Nas destacadas ficções, avultam heroínas e heróis, individuais ou aos pares. Algumas de suas marcas retornariam em obras posteriores, a exemplo do diálogo com a narração histórica. Sua ordem perigráfica teve paralelo em narrativas históricas e manuscritos diversos. O elemento periférico de uma obra, mesmo sob “apresentação mais simples, não deixa de ser também uma das espécies de representação, no sentido de que o único que importa, no nível textual, são as estratégias de enunciação que buscam estabelecer certos parâmetros capazes de orientar o entendimento e a fruição da obra” (BRANDÃO, p. 55-56, 1999).

O pacto de leitura, estabelecido pelos citados romances, implicaria na determinação de novos estatutos do narrador e da própria narrativa ficcional.

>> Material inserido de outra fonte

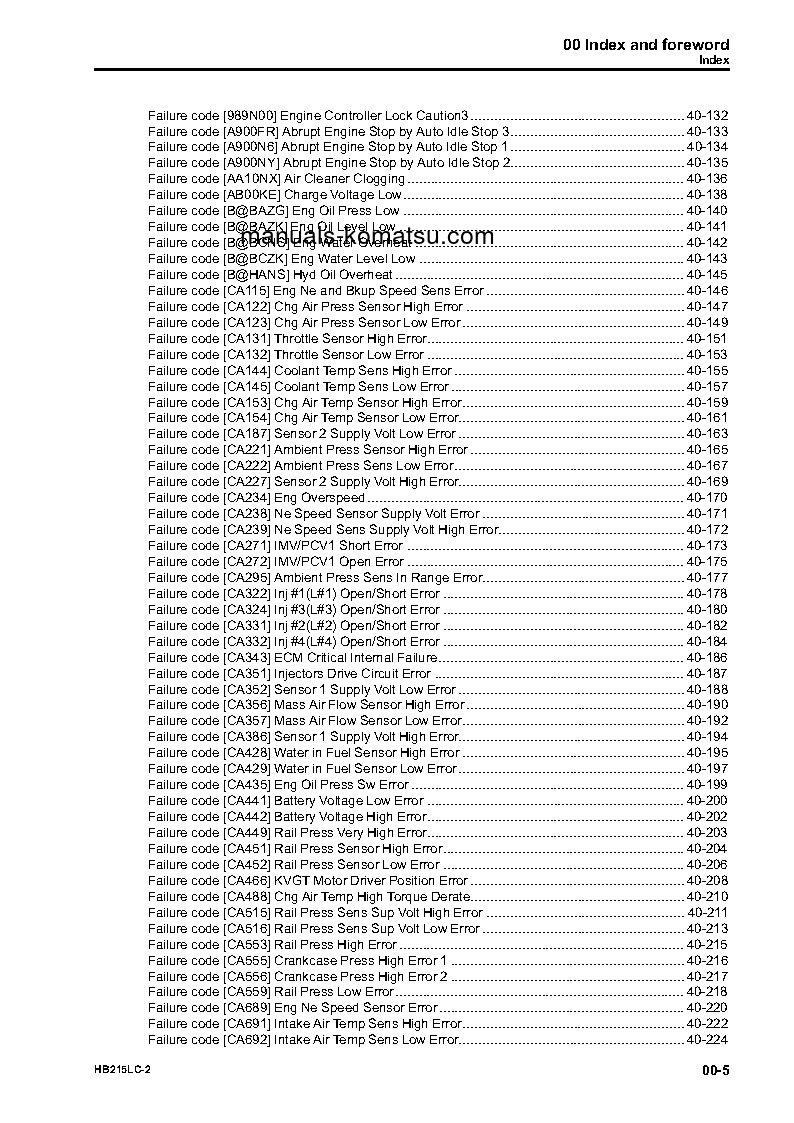 Protected: HB215LC-2(JPN) S/N 50001-UP Shop (repair) manual (English)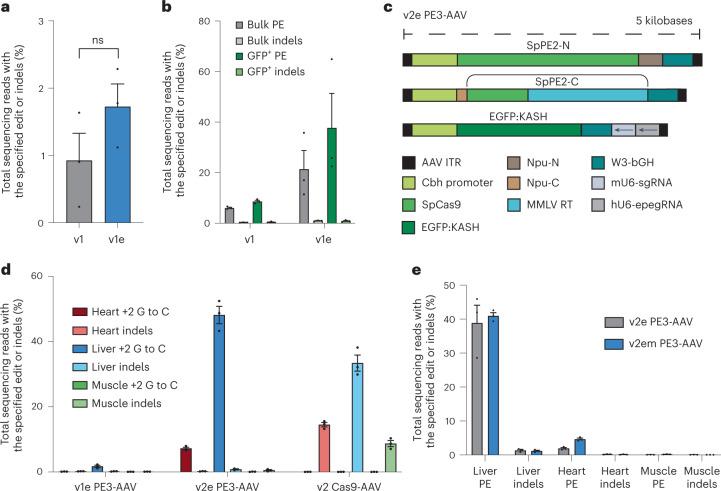 https://cdn.ncbi.nlm.nih.gov/pmc/blobs/c4dd/10869272/9b35cc2b9f07/41587_2023_1758_Fig3_HTML.jpg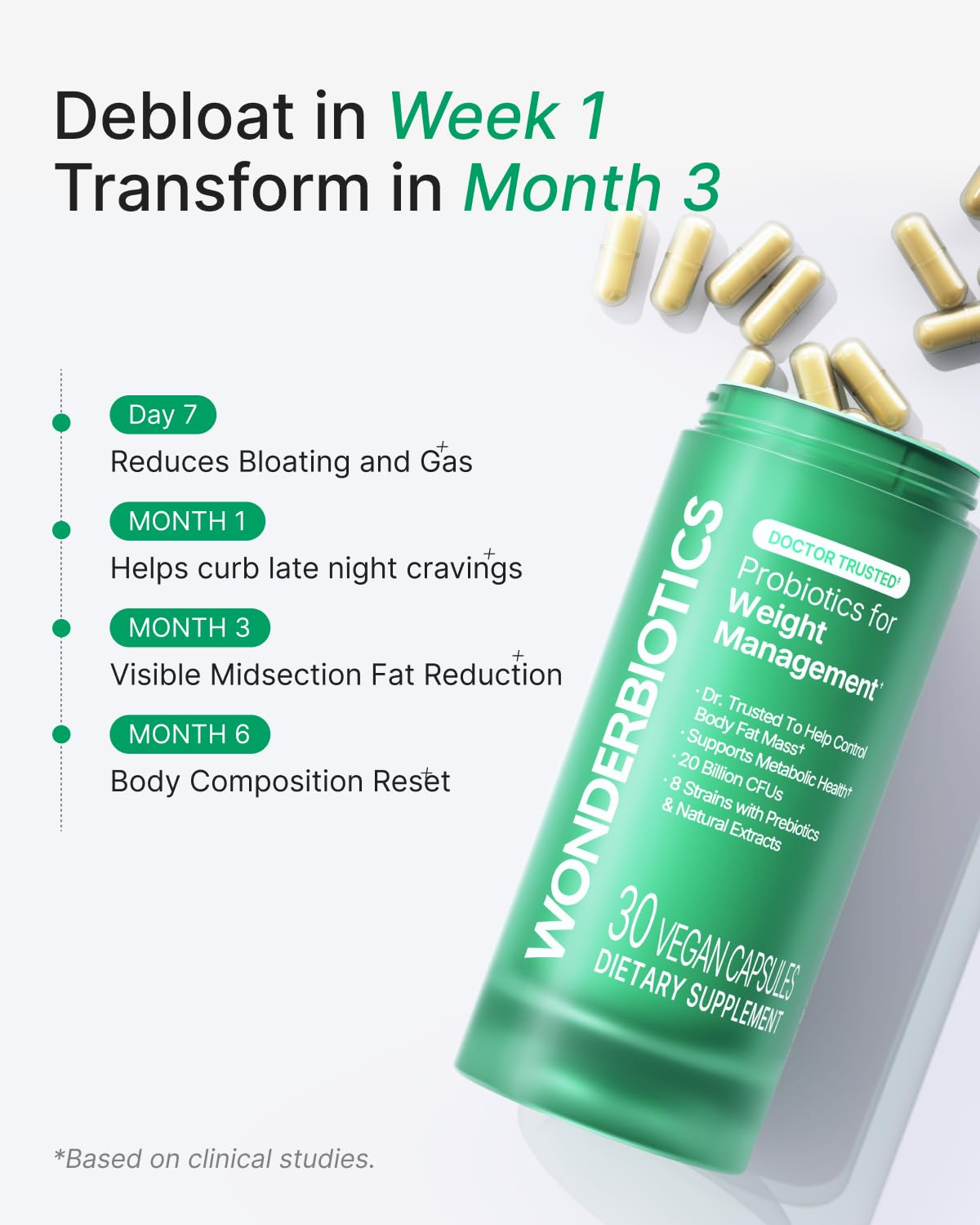 WonderBiotics Weight Management Probiotics for Women - Appetite Suppressant + 8 Clinically Strains - Safe & Natural Loss, Belly Fat, No Side Effects - 30 CT - dailyvitalstore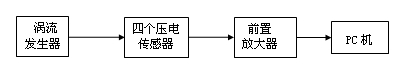 Electromagnetic acoustic emission non-destructive testing method for non-ferromagnetic metal sheet and device adopting same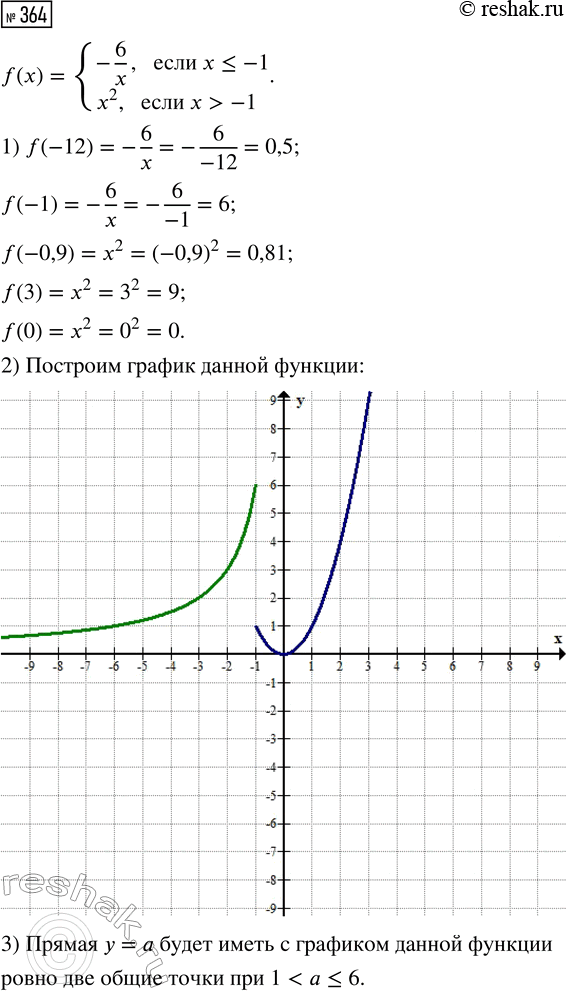 Изображение Постройте график уравнения:  1) (y-x2)/((x-1)2+(y-1)2) = 0;  2) (y-x2)/(y-x) =...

O discurso filosófico, entretanto, permitia entrever “que a caça às ficções é guiada pelo esforço de que elas próprias não se convertam nos objetos daquela ‘realidade’ que representam. Assim também, no

autodesnudamento da ficção, se mostra que o texto, como um fingido, não é idêntico ao que por ele se representa” (ISER, 1983, p. 400).

Surgiu então a “hagiologia” ou “hagiológica”; com os calendários litúrgicos

e a comemoração dos mártires nos lugares de seus túmulos, a hagiografia se interessa, durante os primeiros séculos (de 150 a cerca de 350), menos pela existência e mais pela morte da testemunha. Uma segunda etapa se abre com as

Vidas: as dos ascetas do deserto (assim como a Vida de Santo Antonio, por

Atanásio) e, por outro lado, a dos ‘confessores’ e dos bispos: Vidas de São Cipriano (+ 258), de São Gregório, o Taumaturgo (+ cerca de 270), ou de São Martinho de Tours (por Sulpício Severo). Segue um grande desenvolvimento da hagiografia no qual os fundadores de Ordens e os místicos ocupam um lugar crescente (CERTEAU, 2002, p. 267).

A “imagem” ou “exemplo” se fundaria na incorporação de certas qualidades em figuras, algumas vezes, baseadas na existência duma pessoa; em outras, vindas da mitologia, das lendas, da história. As últimas situações seriam governadas pelo termo latino Fingere: “os substantivos fictio e figura, ancestrais de nossos ‘ficção’ e ‘figura’, derivam desse verbo, o qual designam melhor, na medida em que é possível estabelecer diferenças entre suas denotações, a ação e o produto ou efeito de dita ação” (GENETTE, 2004 p. 19).

O ramo das Vidas alcançava notória ampliação. Mikhail Bakhtin (1990, p. 250) destacaria os vínculos da narrativa ficcional com as espécies primordiais do espaço biográfico. Ele sublinha o papel desempenhado por “formas biográficas e autobiográficas notáveis que exerceram influência não só para o desenvolvimento da biografia e da autobiografia européias, mas também para o desenvolvimento de todo o romance europeu.”

Nos medievos, as primeiras narrativas históricas – anais e crônicas – adotaram

a escrita como veículo, assegurando, com isso, maior confiabilidade e distanciamento em relação aos sujeitos que constituem matéria de narração. História enquanto narração transforma-se em sinônimo da memória, compondo com a escrita, e seus suportes, uma aliança tão completa, que se converte em exemplo para as demais manifestações verbais. Não por outra razão, Walter Benjamin assinala que, na crônica histórica, e não no conto, está a origem do romance, dado o caráter de manifestação exclusivamente da escrita, compartilhado pelos dois gêneros (ZILBERMAN, p. 131, 2006b).

A ciência histórica e o espaço biográfico sentiriam o refluxo das práticas letradas, tanto quanto a filosofia, a poética ou a retórica. Durante o grande lapso temporal coberto pela Antigüidade tardia e pelas Idades Medievais, as línguas românicas ou “romance” puseram-se a recuperar alguns temas precedentes, reinterpretavam personagens já vistas, representariam histórias anteriores em novas imagens. Sob renovada ótica, os vernáculos moldavam uma sorte de globalidade que veio antecipando A galáxia de Gutemberg.